There must be examples of this, though I haven't been able to find any. Maybe I don't know what to search for.
Yes. This is how a face recognition algorithm might work for example, where two pictures might be of the same person or different person.
To build such a system, just pair up your data in a training set, double the input vector space and run a binary classifier that outputs "true" if the two items are the same. Any ML classifier could be adapted to this problem.
In practice, you may want more control over classification, and be robust against new classes that your algorithm has not seen before. A big problem in face recognition is the large number of potential classes, including classes not seen in training data, coupled with an equally large variance of images in the wild. This means that a naive approach as above will have poor performance in practice.
There is a more sophisticated approach: Triplet Loss. This requires that you train with three inputs for each example. Unlike the naive version:
The input is one image at a time. You train in triplets - an "anchor", and a postive match, and a negative match, in order to calculate one loss value for backprop.
The output is not a same/different class, but a vector description of the object. Similarity of objects is the distance between vectors. You do not need a label for this vector, even though this is supervised learning, thanks to how the loss function works.

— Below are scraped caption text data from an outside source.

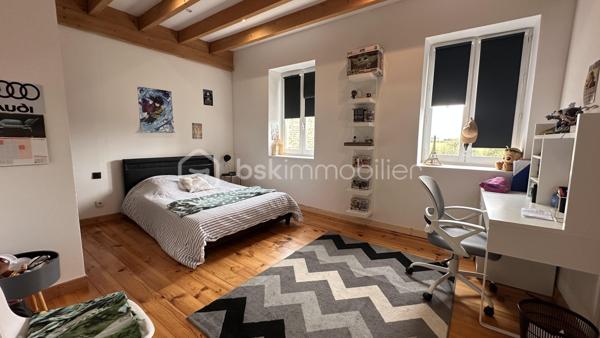 Découvrez ce mas en pierre des années 1900, un véritable bijou de 550 m² dont 350 ont été rénové est niché dans un écrin de verdure de 6900 m².
Située dans un cadre calme et paisible, cette propriété allie charme et robustesse. Les murs en pierre, témoins d’un savoir-faire traditionnel, vous garantissent une solidité exceptionnelle et une isolation naturelle, idéale pour préserver la fraîcheur en été et la chaleur en hiver.

Ce mas offre un potentiel incroyable pour divers projets.

Que vous souhaitiez en faire une maison familiale spacieuse, un gîte accueillant ou même un espace de travail créatif, les possibilités sont infinies. Avec son vaste terrain, vous pourrez envisager des aménagements extérieurs tels qu’une piscine, des jardins paysagers ou des espaces de loisirs.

The loss function is based on difference of distance from anchor example to positive example compared with a desired higher distance to negative example. This encourages learning key features of the inputs by making distance between vectors low (ideally zero) when they represent the same class, and as high as possible when they represent different classes.
In both the naive approach and triplet loss approach, you need to be careful about selecting training data. You want to make the learning algorithm work hard to learn key differences, otherwise it is too easy to get a good loss. So taking MNIST as an example, when looking at negative matches, you want to pair up more (1, 7), (3, 2), (3, 8), (4, 9) etc pairs than (0,1), (9, 5). There are ways to drive this selection based on feedback from previous training epoch.